> Assignment:
Give back exactly the line containing "Triple System Shoutout" and all that follow it in the data below, with the pictures left out.
---------- Dataset extract ----------
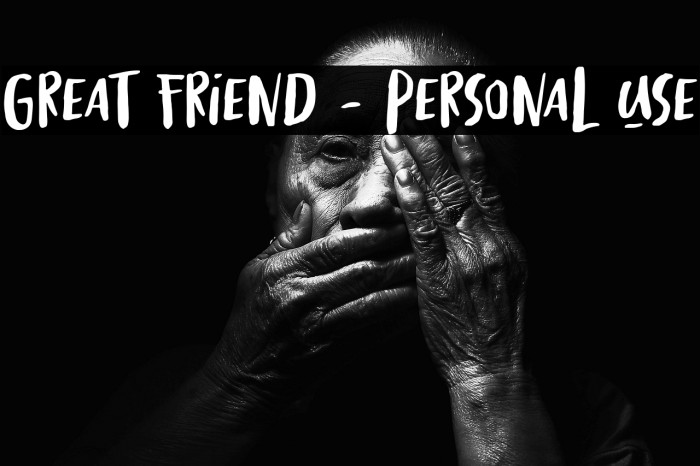 Great Friend - Personal Use Example 2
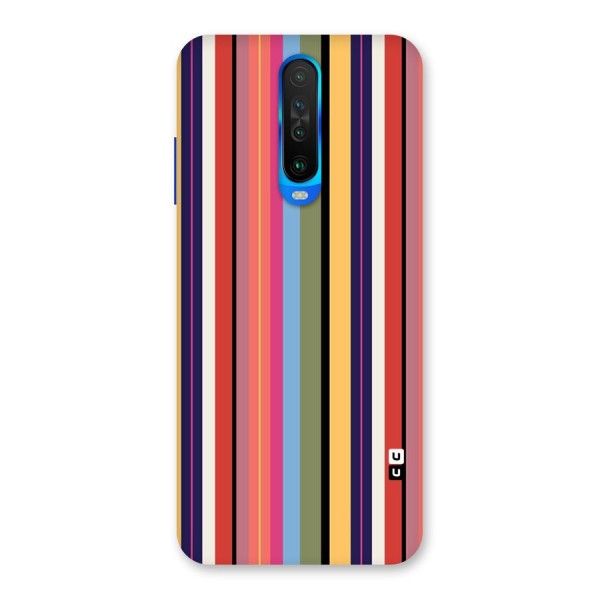 Wrapping Stripes Back Case for Poco X2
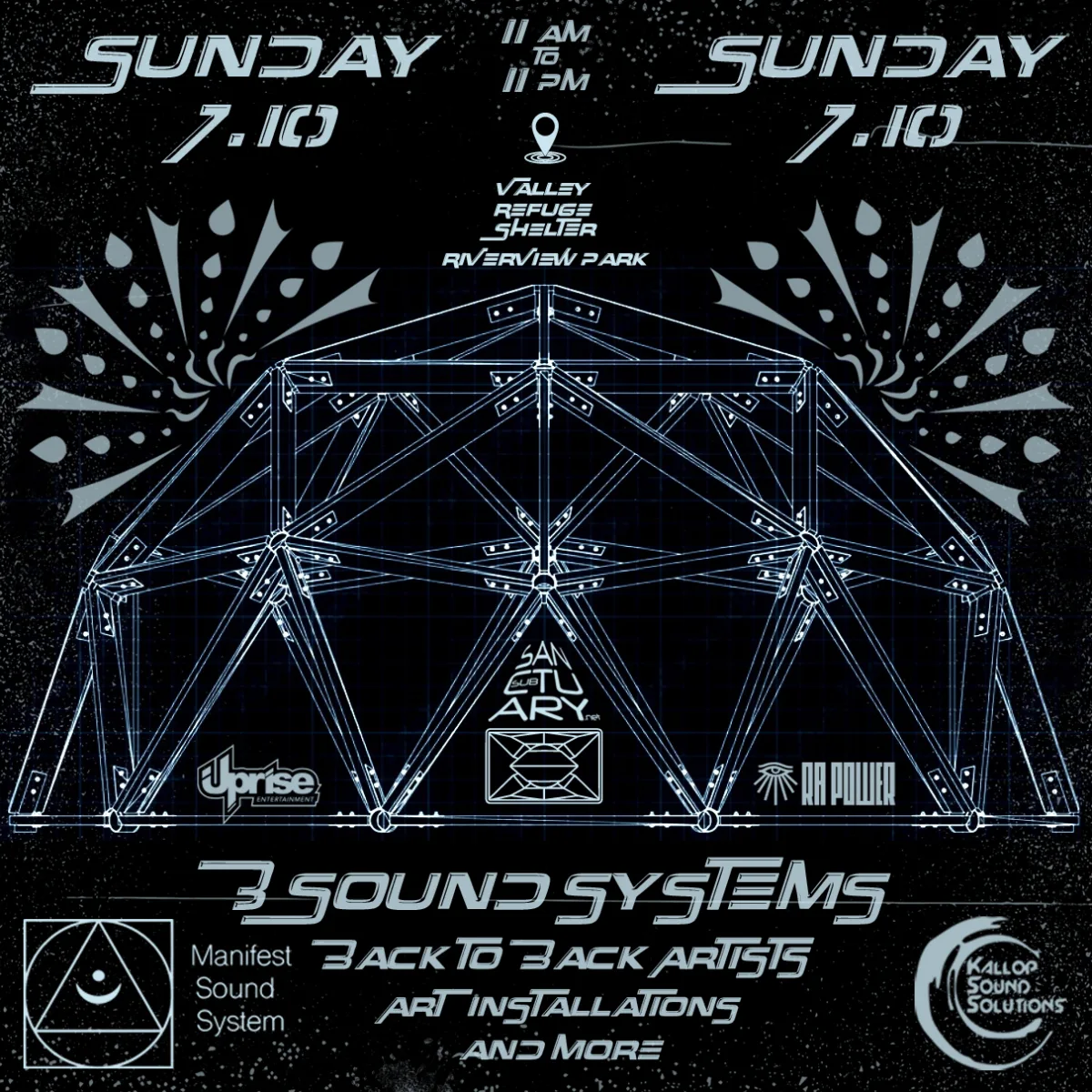 Triple System Shoutout Presented by SubSanctuary @ Valley Refuge Pavilion - Riverview Park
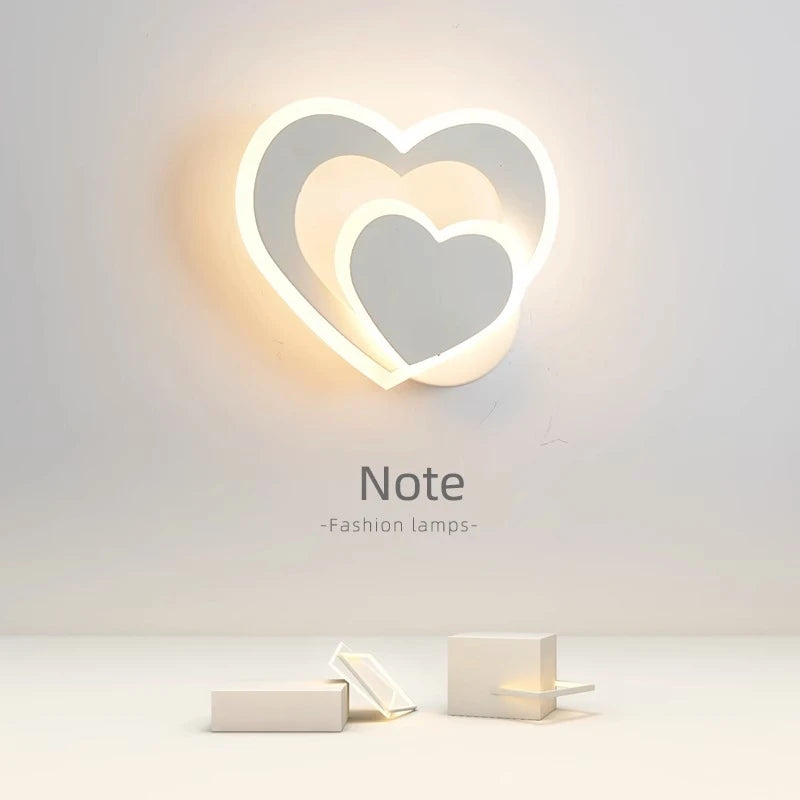 Applique LED en forme de coeur - vue 4 sur 12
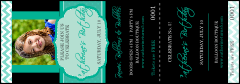 Happy Birthday Chevron Event Ticket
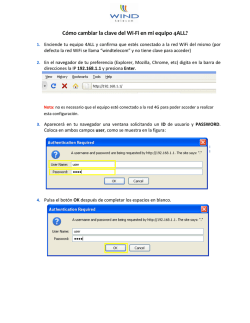 C&oacute;mo cambiar la clave del Wi-Fi en mi equipo 4ALL?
----------
> Your solution:
 Triple System Shoutout Presented by SubSanctuary @ Valley Refuge Pavilion - Riverview Park
 Applique LED en forme de coeur - vue 4 sur 12
 Happy Birthday Chevron Event Ticket
 C&oacute;mo cambiar la clave del Wi-Fi en mi equipo 4ALL?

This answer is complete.